This retrospective cohort study evaluated the impact of artificial intelligence (AI) assistance on anatomical recognition during laparoscopic cholecystectomy (LC). Between June 2022 and December 2024, indocyanine green (ICG) fluorescence-guided LC videos were prospectively collected at a tertiary referral center. After excluding duplicate cases, 177 videos were used for model training, 15 for validation, and 15 for testing. Frames were extracted at 1 frame per second, and key structures including the common bile duct (CBD), cystic duct, cystic artery, liver, gallbladder, and surgical instruments were annotated by board-certified hepatobiliary surgeons to generate the ground truth dataset.
A YOLOv9 object detection model, incorporating Programmable Gradient Information (PGI) and Generalized Efficient Layer Aggregation Network (GELAN), was trained to recognize critical biliary anatomy. For the experimental phase, surgical trainees (postgraduate trainees, junior residents, and senior residents) reviewed condensed 2-3 minute surgical videos, segmented into 5-second clips. In the CBD recognition task, participants determined whether the CBD was visible in each clip. In the CBD annotation task, participants placed bounding boxes to indicate the CBD location on single frames, and additionally delineated a polygonal "dangerous zone" within Calot's triangle where further dissection is considered hazardous.
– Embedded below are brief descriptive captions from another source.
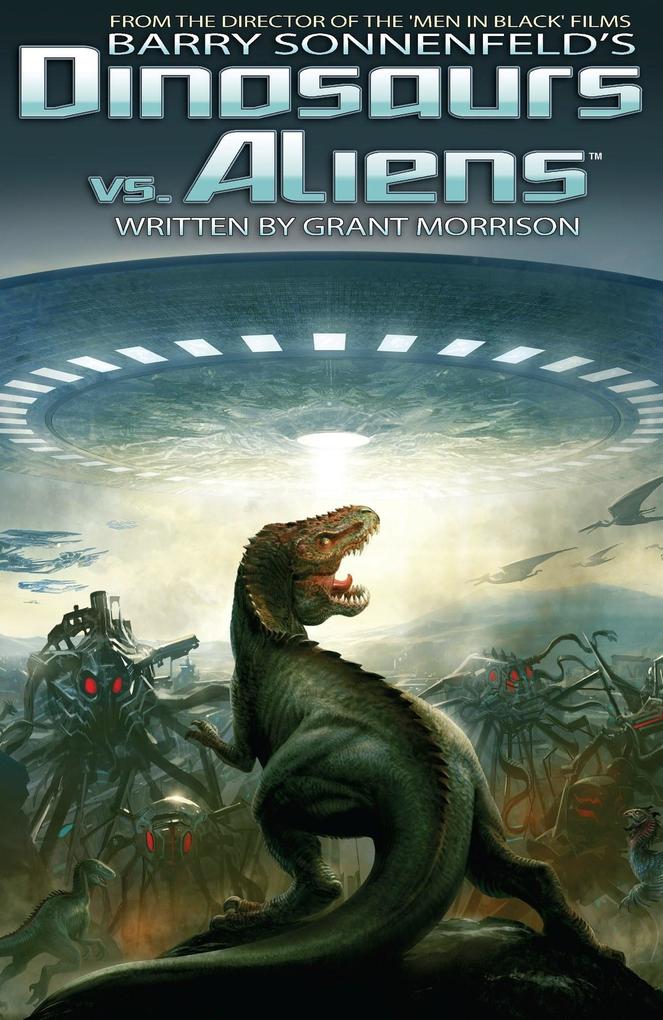 Dinosaurs Vs Aliens Graphic Novel Volume 1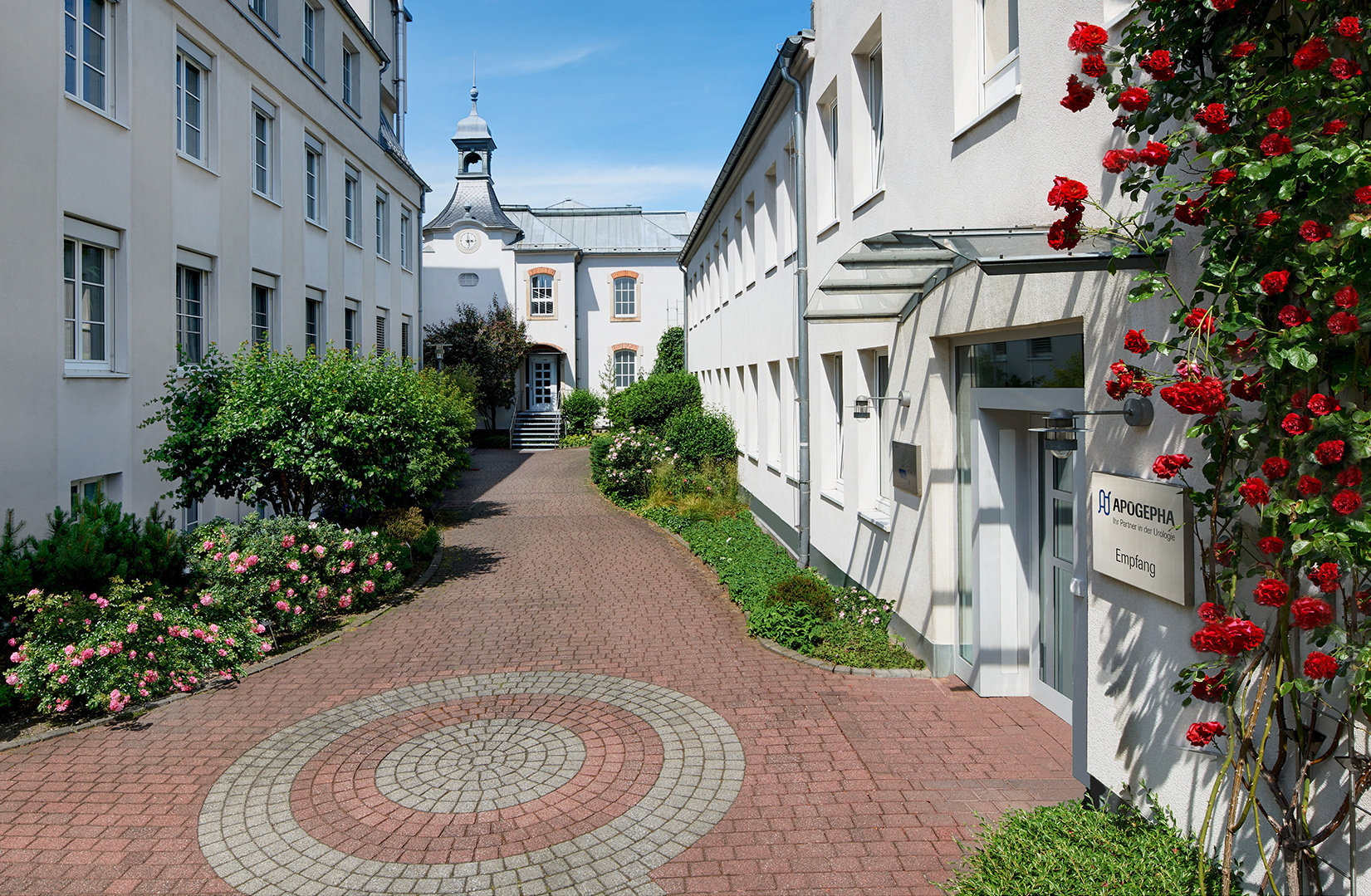 Fotos des Apogepha Hauptsitz in Dresden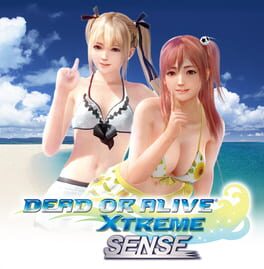 Jaquette Dead or Alive Xtreme Sense
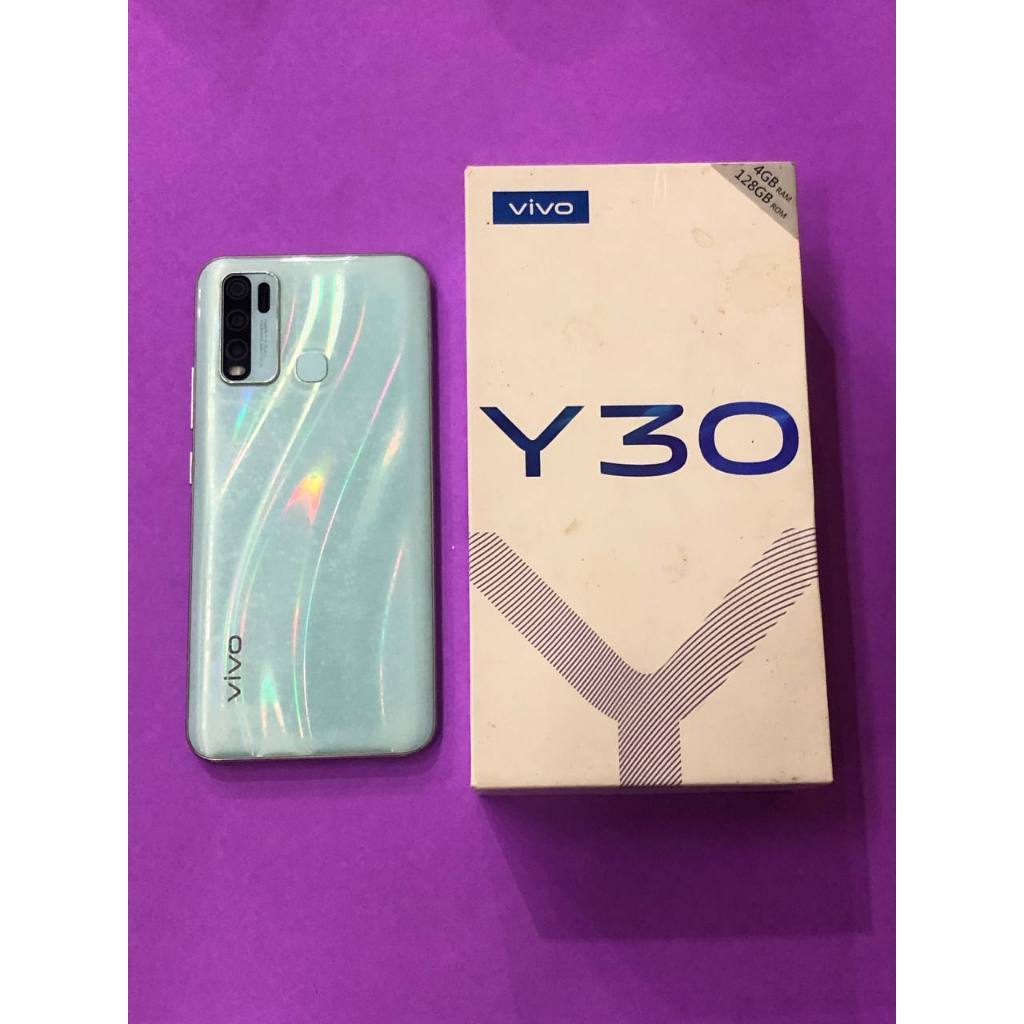 VIVO Y30 4/128GB SECOND FULLSET
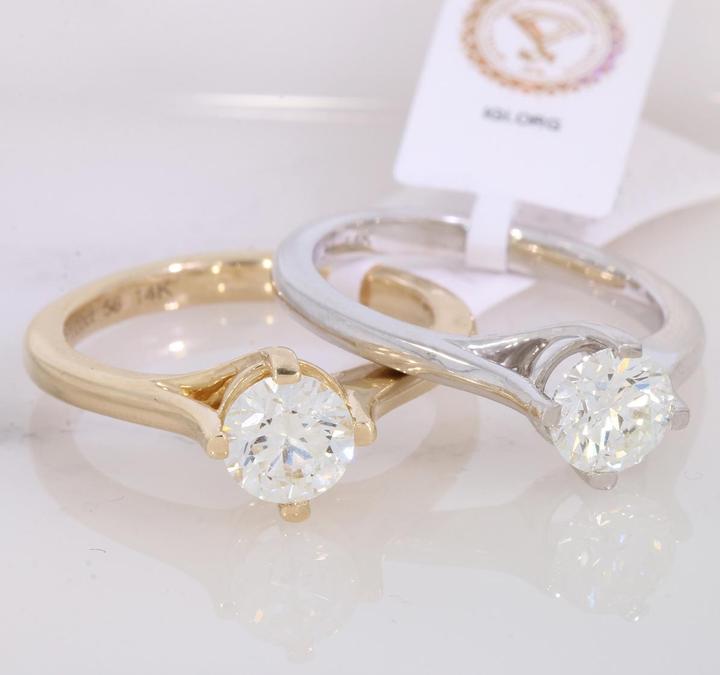 Produktbild Xen Vision Ring mit Lab Grown Diamond 1,00 ct. 585 Gelbgold (52)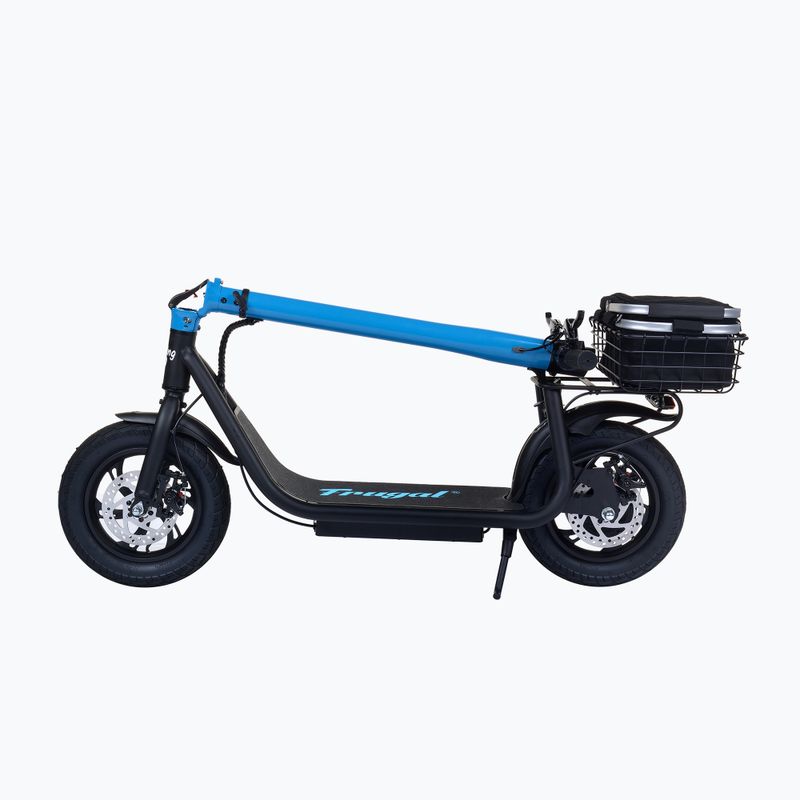 Електросамокат Frugal Touring 2.0 блакитний Z12 8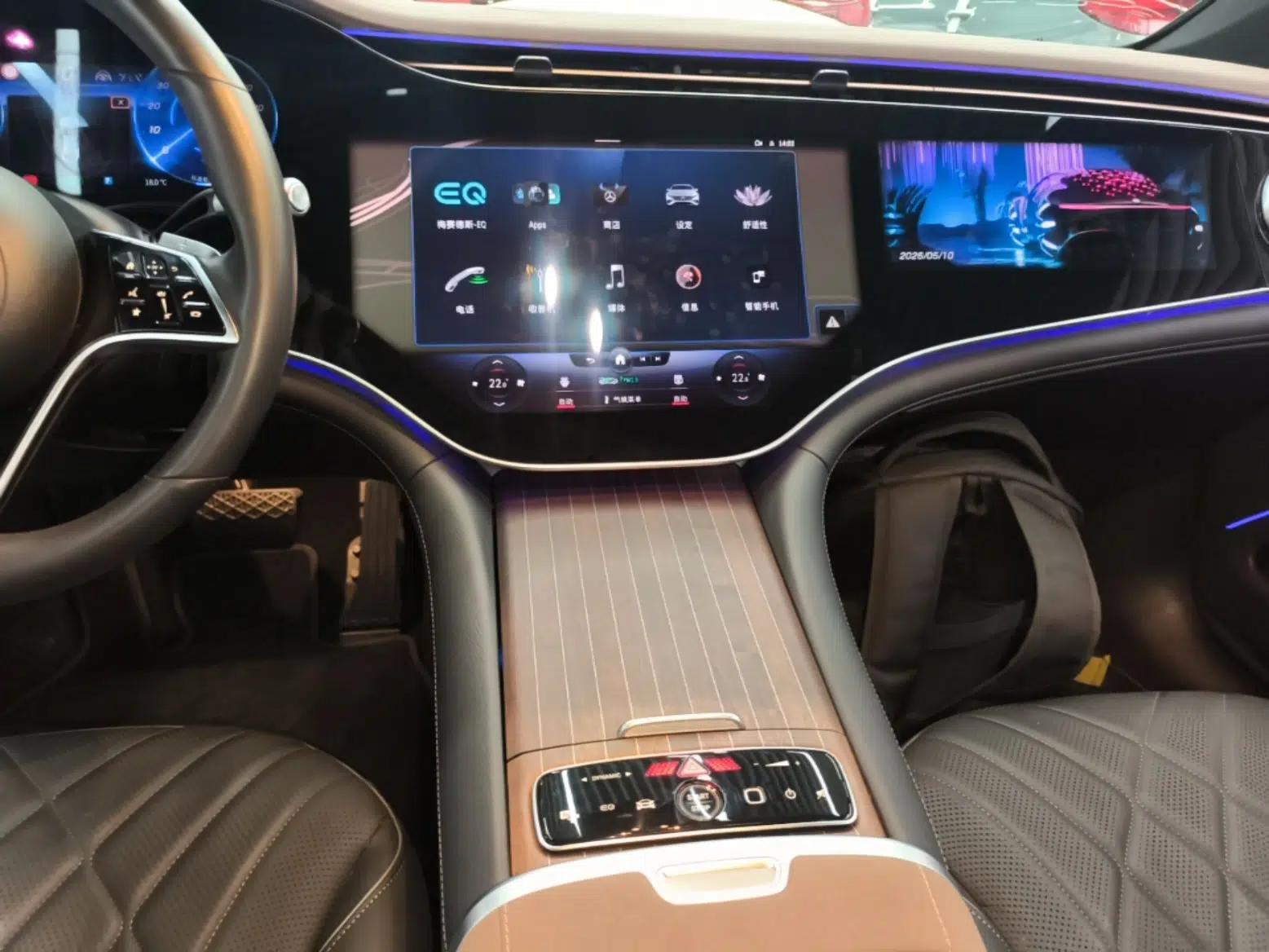 Mercedes-Benz EQS 2022 Updated 580 4MATIC — миниатюра 16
Each participant first performed both tasks without AI assistance. After a one-week washout, the same tasks were repeated with AI support, which displayed YOLOv9-generated bounding boxes to guide decision-making. The task order was randomized to minimize learning bias. Performance metrics included recognition accuracy, precision, recall, F1-score, and intersection over union (IoU).
This study was retrospectively registered after completion, as it used de-identified surgical videos and trainee assessments.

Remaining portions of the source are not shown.